• Required work
Retype, exactly and completely, the listing that comes next, skipping its images.

• Stored data
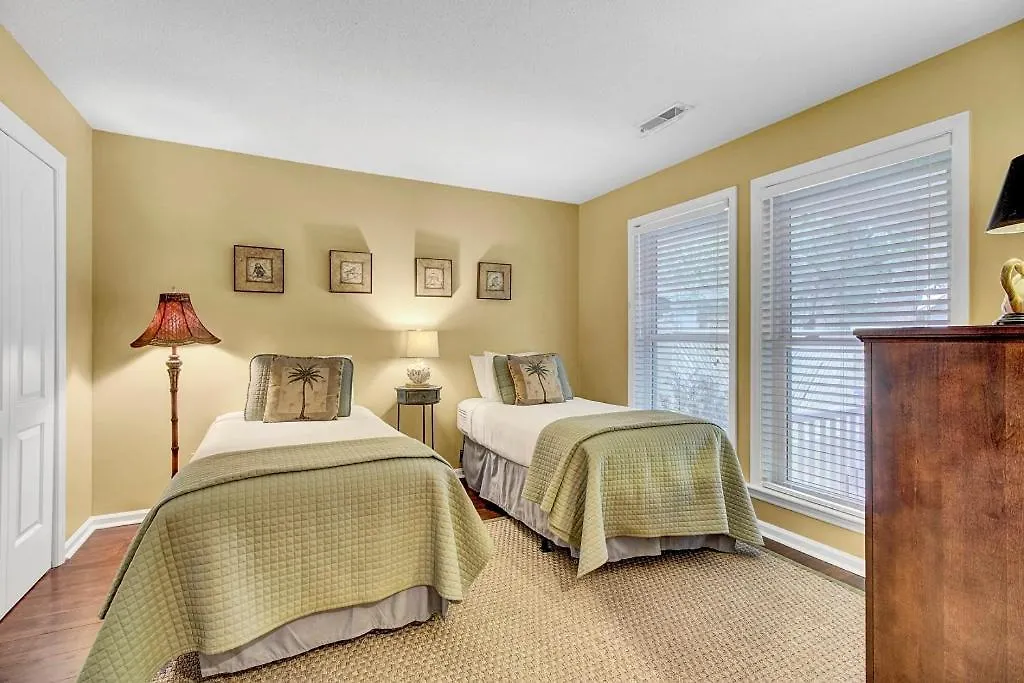 Village 2 By Wild Dunes, With Amenities *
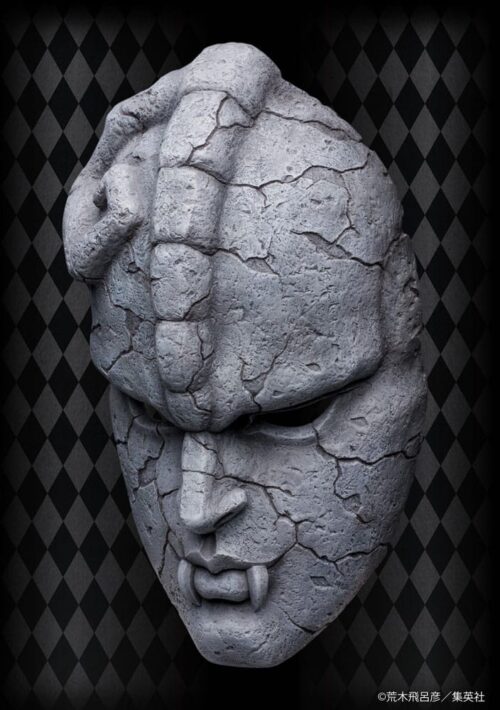 Nendo Addicts - Medicos - Jojo's Bizarre Adventure Stone Mask Chozo Art Collection 1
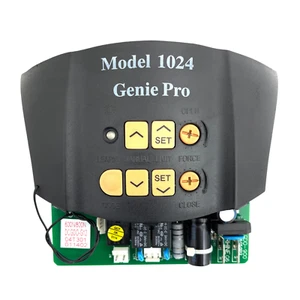 Genie 1024 Circuit Board 37028E Garage Door Opener Reliag 600/800 39537R.S - Picture 1 of 7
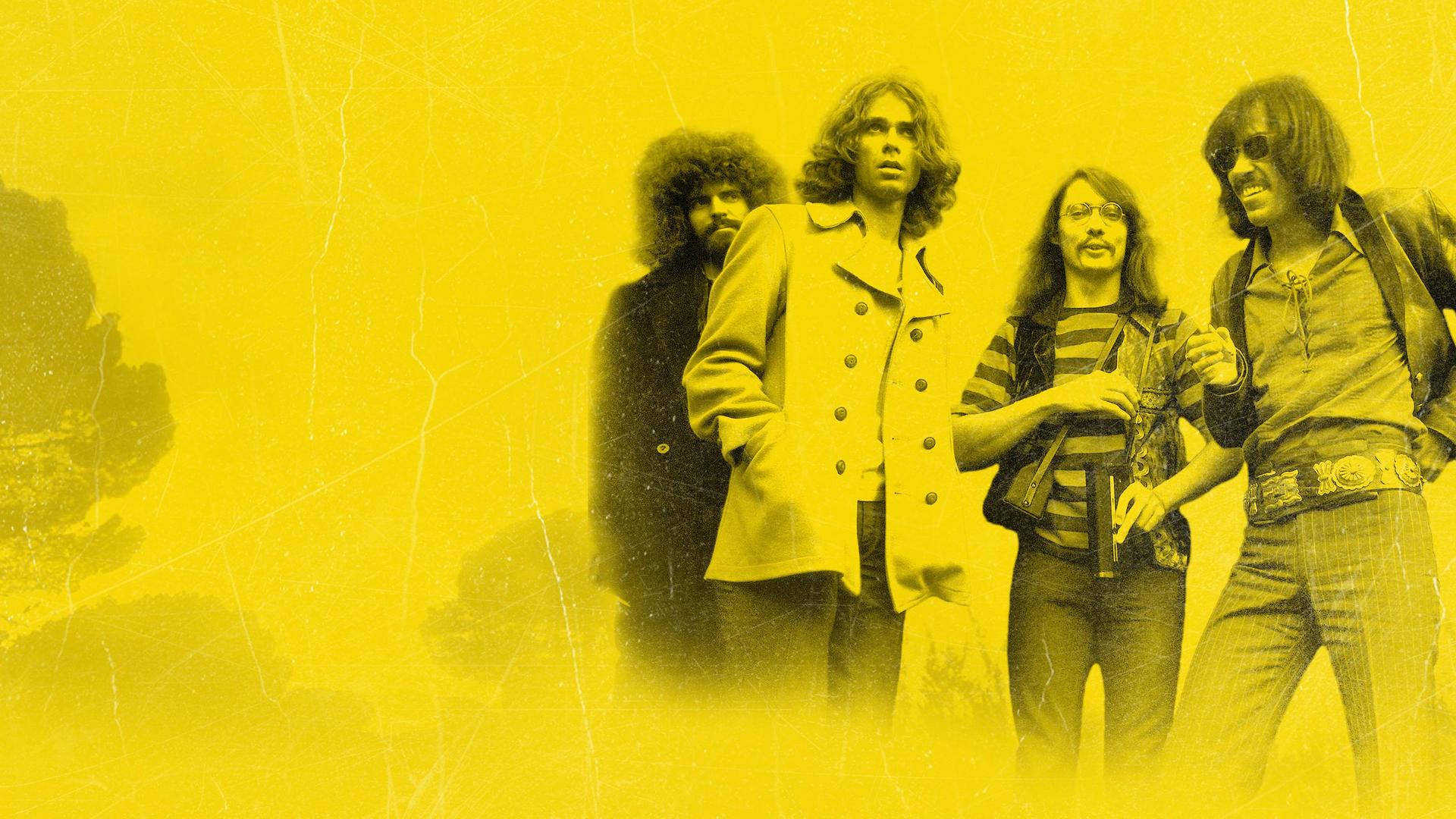 Born to Be Wild – Eine Band namens Steppenwolf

• Task output
 Village 2 By Wild Dunes, With Amenities *
 Nendo Addicts - Medicos - Jojo's Bizarre Adventure Stone Mask Chozo Art Collection 1
 Genie 1024 Circuit Board 37028E Garage Door Opener Reliag 600/800 39537R.S - Picture 1 of 7
 Born to Be Wild – Eine Band namens Steppenwolf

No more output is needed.